Please share! How did you do the copper in-lay? Your pen looks so good I want to try! :laugh:
Basically, I took each of the blanks, and scroll sawed them apart in a sort of "s" shaped path, glued back together with a piece of copper sheet sandwiched in (I used 0.162" thick copper sheet and a scroll saw blade with 0.18" kerf) with thick CA glue. After that dried and the squeeze out was cleaned up on the sander, I rotated the blank 90 degrees and did it again. Make sure the second slice across the blank enters and leaves the sides at different locations from the first cut. The crossing "s" shapes end up giving you a really random curvy effect when turned down. The effect isn't nearly as cool if you rotate a full 180 degrees between cuts.
Ordered the copper sheet from onlinemetals.com. Copper ain't cheap. I've done a number as well with aluminum flashing left over from a construction project. Inspiration for sure from RJBwoodturner's videos on youtube, especially his aluminum can celtic knots.
I made a couple little glue-up forms to assist in lining the pieces back up to glue them. Trick is to clamp them to the point that the grain lines back up, and especially the 2 halves of the sliced copper (or other inlay material). Use a slow setting and thick CA glue to fill the gaps and to give you working time to glue up.

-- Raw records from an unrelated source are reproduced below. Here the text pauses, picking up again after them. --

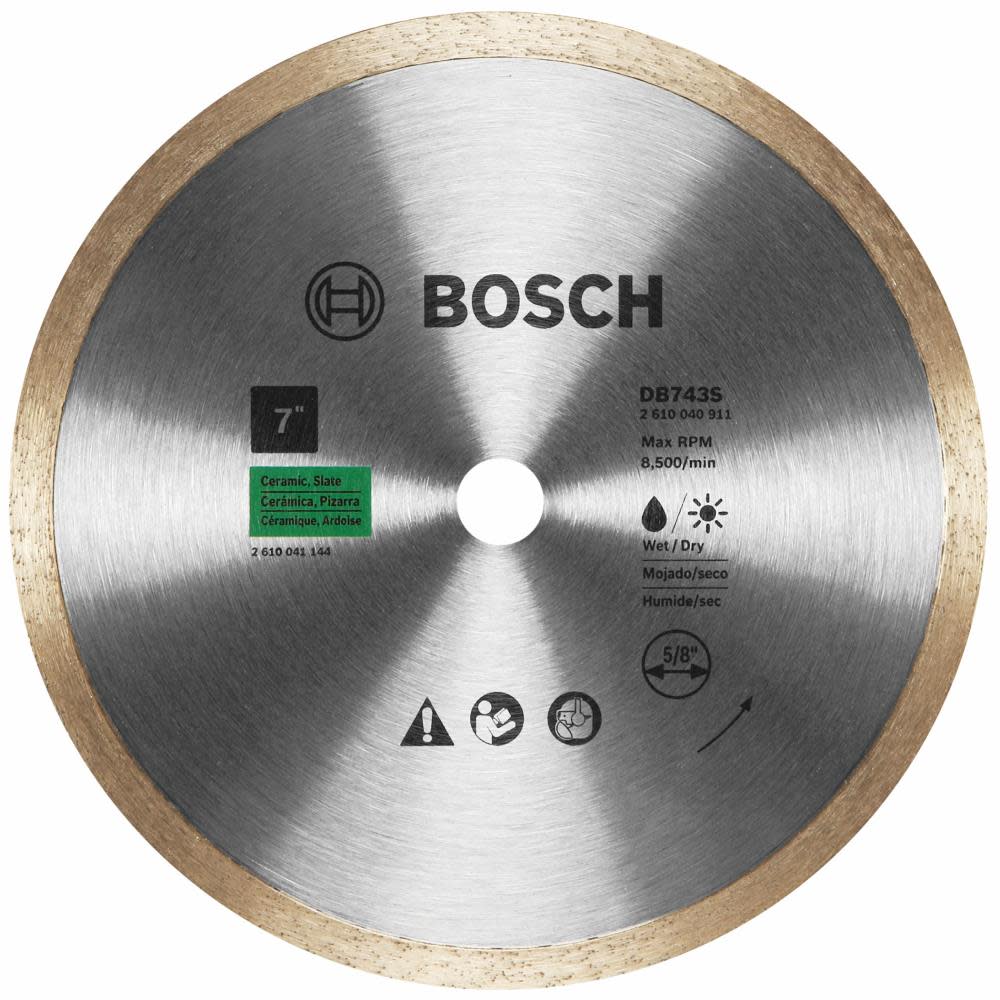 Bosch 7 Standard Continuous Rim Diamond Blade for Clean Cuts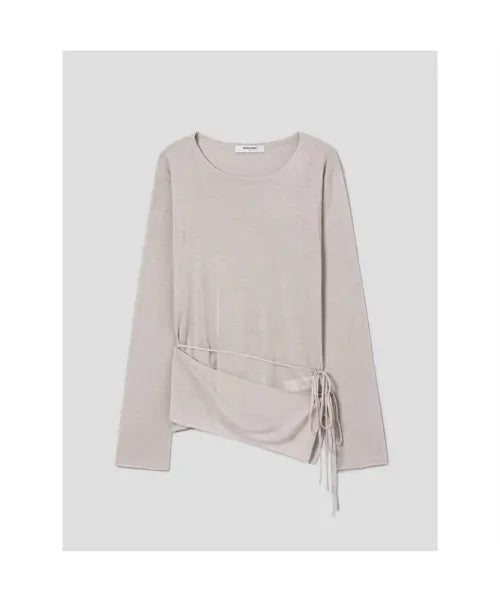 [8SECONDS] Long Pullover with Distressed Hem - Beige / 밑단변형 롱 풀오버  베이지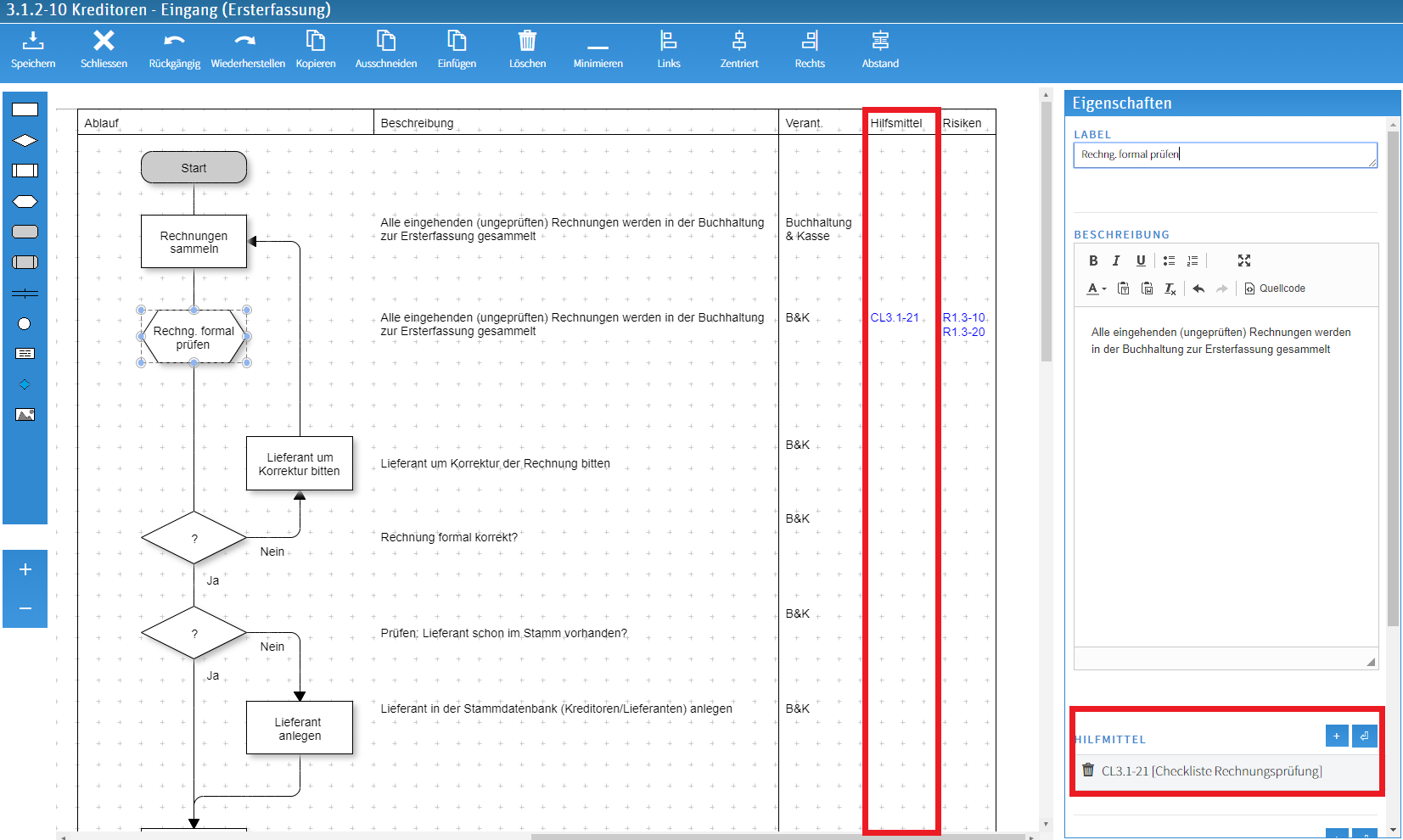 Process editor with document link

Similar in concept to doing celtic knots, but the saw cuts are more free form, rather than rigidly straight and lined up.
Where the pattern leaves small wedges between the inlaid metals as you get close to the final diameter is where things like to fail on a catch. For some reason neither CA glue or epoxy seems to be super reliable on how well it bonds to the metals. Even if they are sanded up really well before hand.
i have had the best luck with the Easywood "finisher" (round tip) for most of the turning. A skew would probably work better, but I don't have skew skills yet. The inlay metals definitely wear down the edge on the turning tools a lot faster, so I really need to find a technique that works with standard tools so I can just sharpen as needed. My "regular" tools are harbor freight cheapo's, so don't hold or take an edge worth a dang. Maybe I'll get a nice skew for Xmas and take the time to learn it.